Graças ao efeito de "bleach-bypass" ou "no bleach",
ou seja, de salto de um dos banhos da revelação, o filme
adquiriu as feições de uma filmagem em ektachrome. O resultado,
entretanto, não é cosmético, é semiótico
e, mais curioso ainda, historiográfico: em cada plano de Madame
Satã mora o cinema marginal e mora o desejo de um cinema do
século 21, desejo que dialoga com um momento muito crucial por
que passa o cinema brasileiro: sua posição como cinematografia
no corpo cinematográfico mundial quer ser demarcada. Nesse sentido,
a questão que se coloca é se o cinema brasileiro faz (ou
deve fazer) parte de um "movimento" do gênero "nueva
onda", como tem sido chamada a atual fornada de filmes latino-americanos.

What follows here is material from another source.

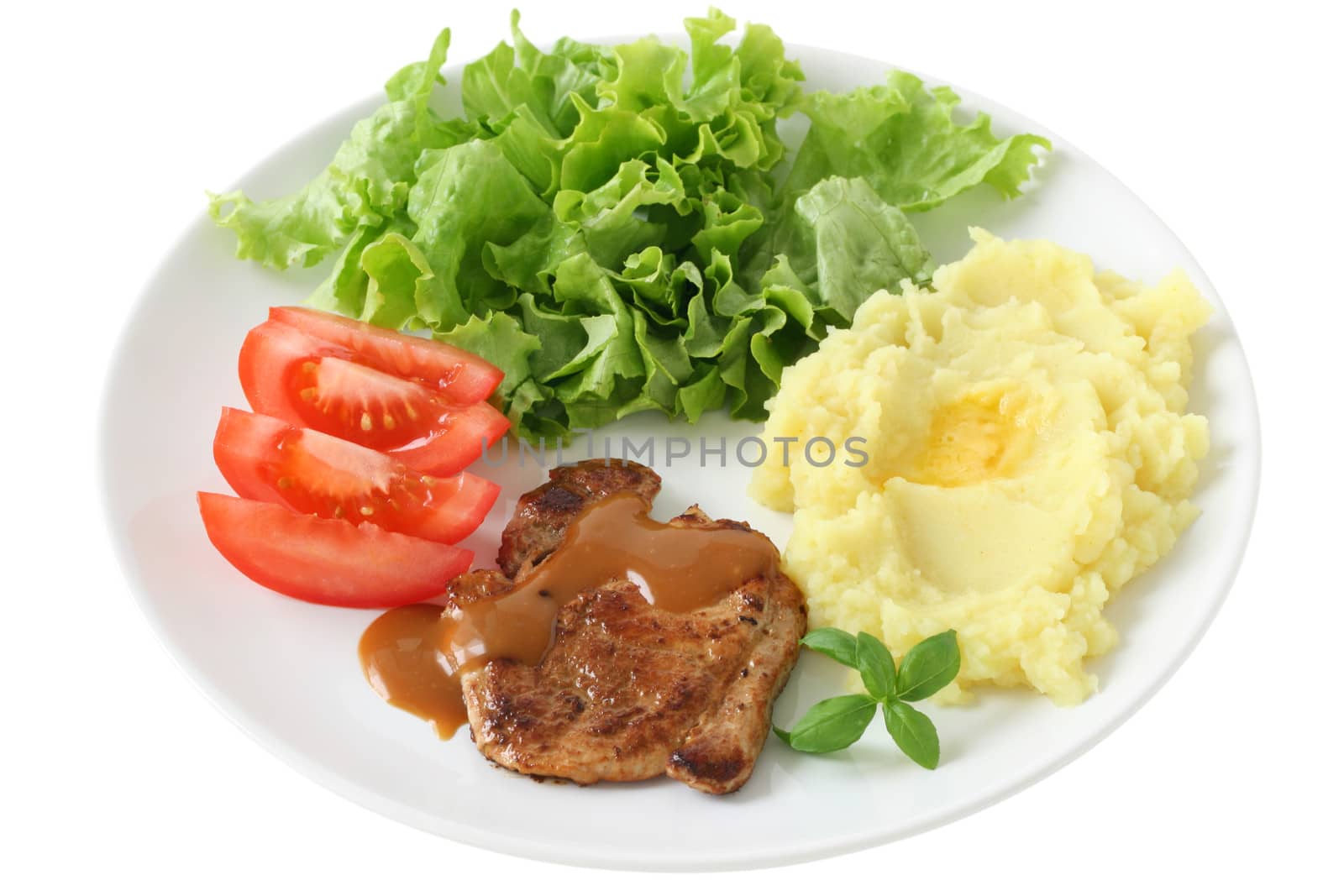 fried pork with mashed potato and salad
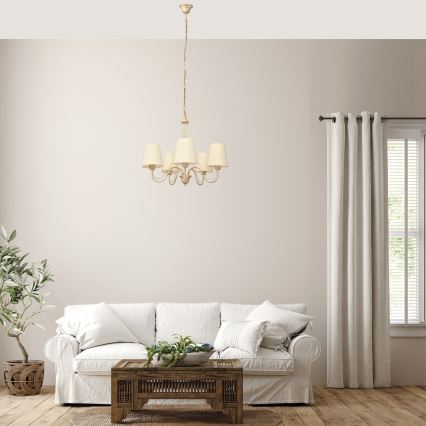 Πολύφωτο MALBO 5xE27/15W/230V μπεζ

São filmes dotados de um padrão visual cuja única
obsessão aparente é a tal "qualidade". Filmes
como E Sua Mãe Também, Plata Quemada ou O
Crime do Padre Amaro obedecem a um mesmo sistema semiológico
que impõe às imagens apenas um compromisso com a fácil
compreensão do público e com sua diversão ou seu
agrado, bem ao estilo americano de produzir imagens. Pão e circo
em um mesmo plano. Nesse sentido, filmes como Cidade de Deus ou
Deus é Brasileiro não deixam de se inserir em um
contexto como esse, o primeiro mais do que o segundo. As imagens que giram,
que se fundem, que se sobrepõem para narrar a história da
favela carioca não servem a outra coisa senão a oferecer
ao espectador um espetáculo, espetáculo antes de tudo suportável
(já que o tema do filme seria por demais pesado para as platéias
mais habituadas com uma gramática televisiva), mas mais que suportável,
agradável.
Não entraremos
aqui nas causas profissionais ou circunstanciais que conduziram a este
quadro. O debate sobre a participação dos fotógrafos
na publicidade e no videoclipe e sobre uma suposta contaminação
da linguagem dos longas-metragens de ficção (e até
dos documentários) é sempre por demais polêmico para
ser posta unilateralmente, pelo menos em curto espaço. O que fica
como reflexão aqui é não uma origem mercadológica
das imagens produzidas pelo cinema brasileiro e também não
uma origem mercadologizóide. Fica sim uma pergunta de se queremos
imagens mais vendáveis, de fácil consumo, ou um cinema de
vigor artístico e, por que não, político.